Setting Up a Multi-container Docker Application for Local Development
This project is going to setup Chroma in client/server mode and use FastAPI to create an API that acts as a Chroma client.
The project currently has the following structure:
.
├── app
│ └── main.py
├── docker-compose.yml
├── Dockerfile
├── .gitignore
├── .mise.toml
└── requirements.txt
app/main.py: the FastAPI applicationdocker-compose.yml: define and manage the Chroma and FastAPI Docker containersDockerfile: instructions for building the Dockerimages https://docs.docker.com/build/concepts/dockerfile/requirements.txt: requirements for the Python app.mise.toml: creates a virtual env for installing Python dependencies locally (so they’re available to Neovim)
The Dockerfile
# syntax=docker/dockerfile:1
FROM python:3.11-slim
WORKDIR /code
COPY requirements.txt .
RUN pip install --no-cache-dir -r requirements.txt
COPY ./app /code/app
CMD ["uvicorn", "app.main:app", "--host", "0.0.0.0", "--port", "8000"]

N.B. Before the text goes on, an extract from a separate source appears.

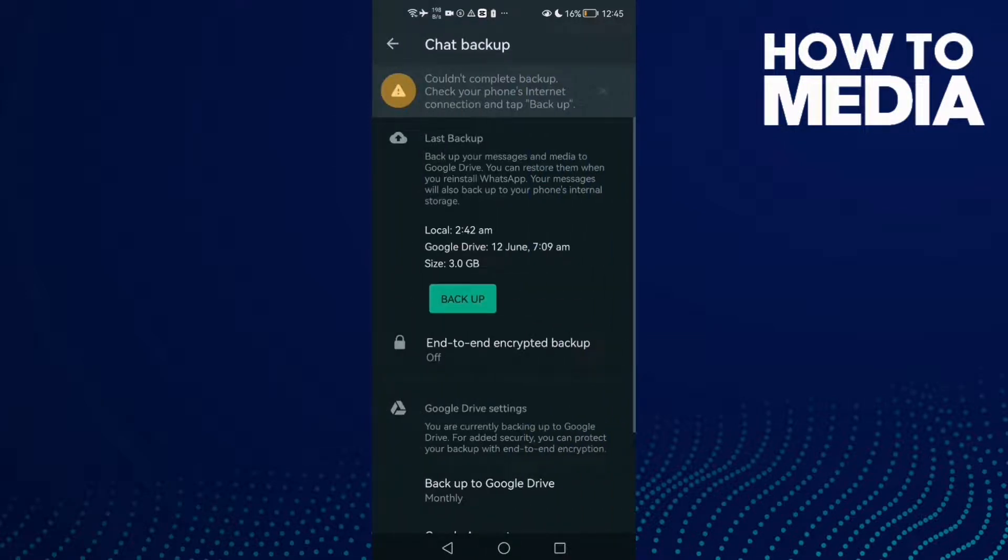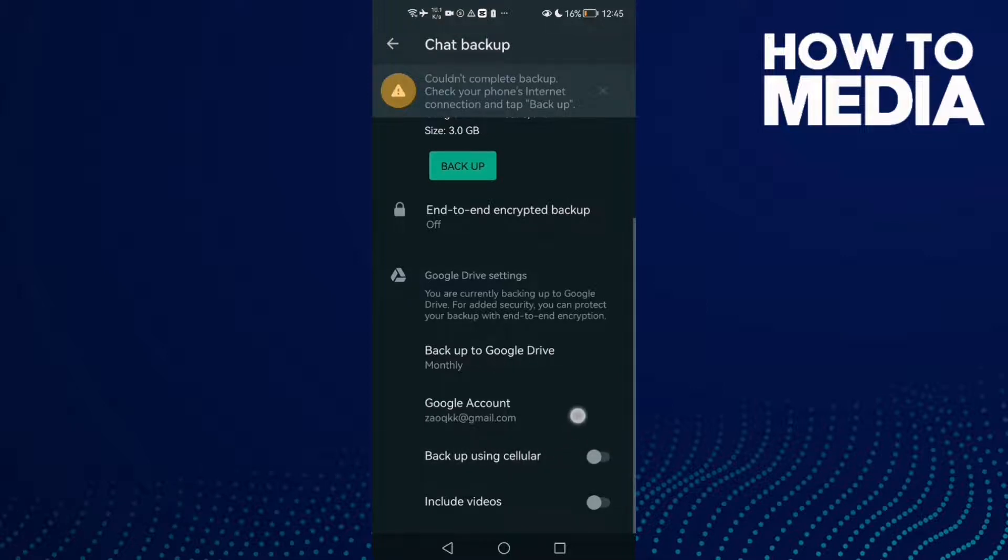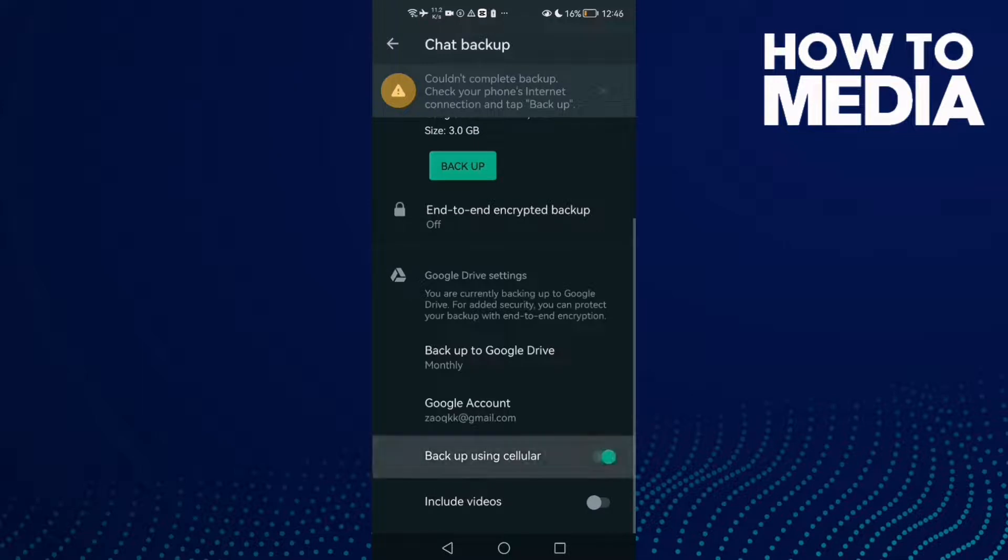Click on it and then scroll down until you find this one here: Backup using cellular. All you need to do is just click on it if you want to turn it on, and you can turn it off again just by one click.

The FROM instruction defines the base image (python:3.11-slim). python:<version>-slim only
contains the minimal Debian packages needed to run Python. I think it makes sense for this case, as
the project’s requirements are defined in requirements.txt and installed with the RUN
instruction.
python:<version>-slim includes:
- the base OS: Debian 12
- Python 3.11
- Basic Linux utilities (bash, apt, etc.)
The WORKDIR instruction sets the working directory for any RUN, CMD, ENTRYPOINT, COPY, and
ADD instructions.
COPY requirements.txt . copies requirements.txt into the container (/code).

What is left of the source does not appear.